966.1
Making Trouble: Ruling Relations For Students and Teachers In Non-Academic Pathways

Friday, July 18, 2014: 3:30 PM
Room: 424
Oral Presentation
Catherine DOHERTY , Faculty of Education, Queensland University of Technology, Brisbane, Australia
In 2009, all Australian states raised the minimum age for compulsory schooling. Young people are now required to be ‘earning or learning’ until age 17. Where upper secondary schooling selected students into limited academic opportunities, now the same institutions must accommodate different sorts of students.  Alternatively, such students can attend pre-vocational programs offered in Technical and Further Education (TAFE) colleges which are more oriented towards industry, credentialing and employment.

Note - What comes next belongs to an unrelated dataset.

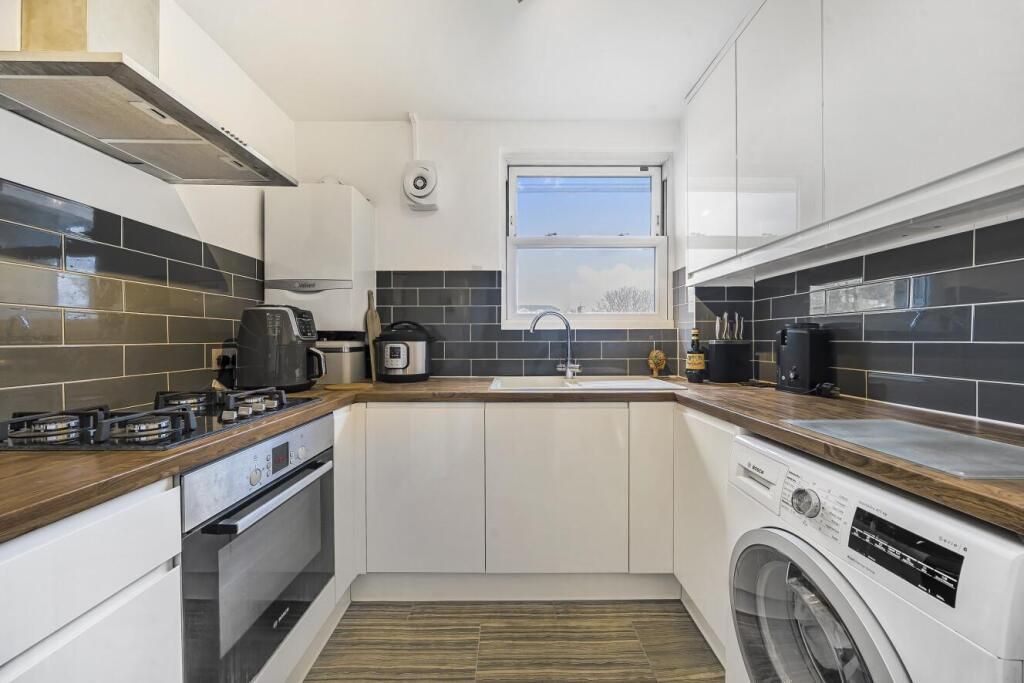 Property photo 1 of 2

The policy change has effectively grafted classrooms of a different ilk into two institutional templates. The paper will draw on a project designed to explore what kind of moral order these two institutional settings invoke when it comes to managing such students.  Originally designed as classroom ethnography, the project involved extended observations and ongoing semi-structured interviews of teachers and students in three TAFE settings and two high school sites in towns experiencing high youth unemployment. Three to four weeks were spent observing the same core English and Maths classes for sixteen year olds in non-academic pathways in each site. The project was motivated by the wish to support teachers to work productively in such classrooms with such students, under the assumption that teachers orchestrate classroom interactions. However, it became clear events in these classrooms were forcibly shaped by relations and parties above and beyond the classroom, as much as by those present.  Teachers and students were observed to both comply with, and push against, the layers of policy and institutional processes regulating their behaviours. This paper re-thinks the project through the gaze and resources of institutional ethnography, to reveal layers of policy texts, accountabilities and documentation practices that impacted on routine behaviours. By mapping the multi-nodal webs of ‘ruling relations’, it shows how both teachers and students could make trouble, and then be held accountable for this trouble.